Exercise directions
Omit all pictures. Quote only the lines from the one with "1966 beige Chevrolet Nova Wagon" through the end of the material below.

Information provided
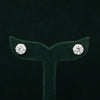 Classic Solitaire 2.0CT Each Round Lab Grown Diamond Stud Earrings in 14K Yellow Gold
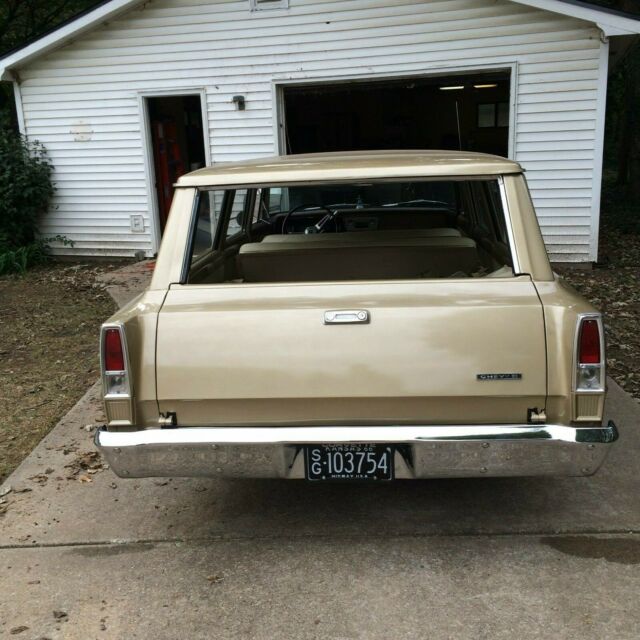 1966 beige Chevrolet Nova Wagon
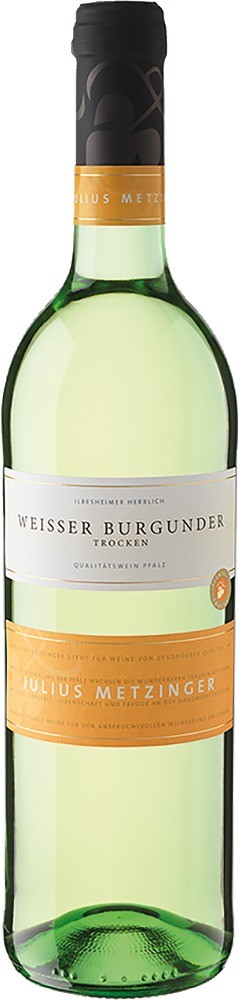 Julius Metzinger Weißer Burgunder QbA trocken Südpfälzer Weinvertrieb Pfalz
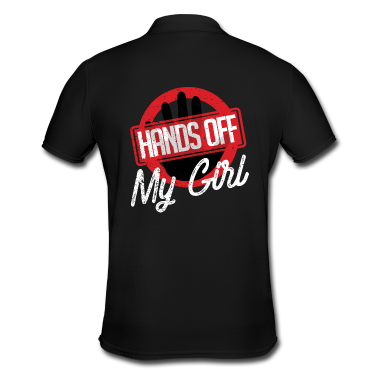 Geburtstagsgeschenk Vater Poloshirt - Hands Off My Girl Geschenk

Answer to this exercise
 1966 beige Chevrolet Nova Wagon
 Julius Metzinger Weißer Burgunder QbA trocken Südpfälzer Weinvertrieb Pfalz
 Geburtstagsgeschenk Vater Poloshirt - Hands Off My Girl Geschenk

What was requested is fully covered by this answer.